The evidence shows that they had broken the lock on the gate to the Dobies’ property, driven part-
way to the residence in appellant’s truck, and then walked the rest of the way to the Dobies’ house.
They were armed with a pistol and a shotgun they took from Joe Dobie’s pickup, which was parked
beside the house. The evidence suggests that Adam Resa wielded the pistol which fired the shots
inside the house, while appellant used the shotgun which was fired only once. It had been raining,
and sets of muddy footprints showed that the men had walked around the house checking the
windows before they entered.
In their flight, the brothers became separated. Appellant made it back to his truck and
drove away. Adam was tracked by a dog as he walked across country and was found hiding in a tree.
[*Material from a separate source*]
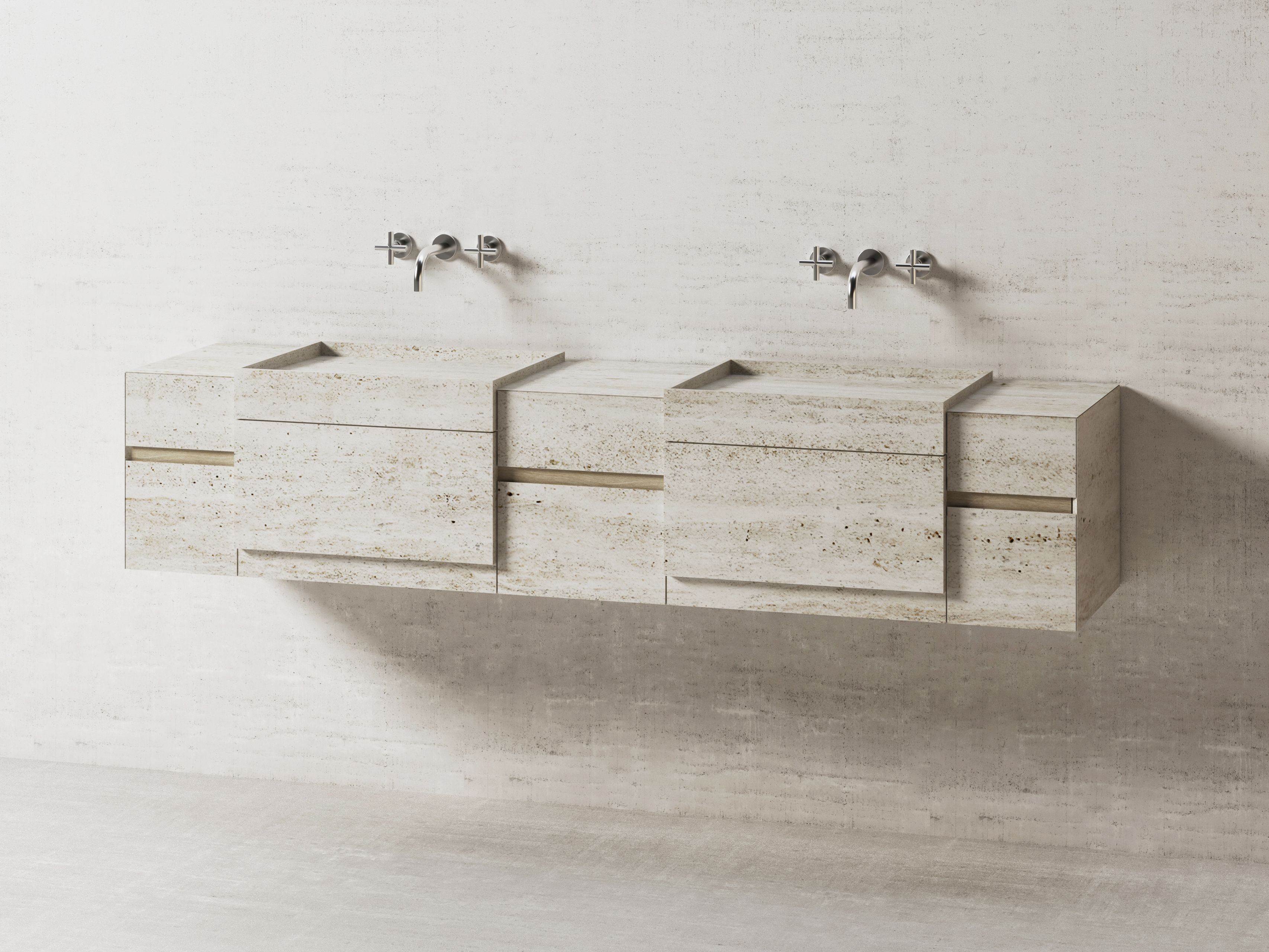 Подвесной умывальник из натурального камня Davani Parallel ARCH-00073870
Appellant was arrested later that night and gave two statements to the police. In the first, he admitted
driving onto the Dobies’ property but said that it was his brother who had alone entered the house.
In his second statement, appellant said that he “had all the fault in this” and that his brother “had no
idea what was going on.”
The indictment alleged that appellant intentionally and knowingly entered the Dobies’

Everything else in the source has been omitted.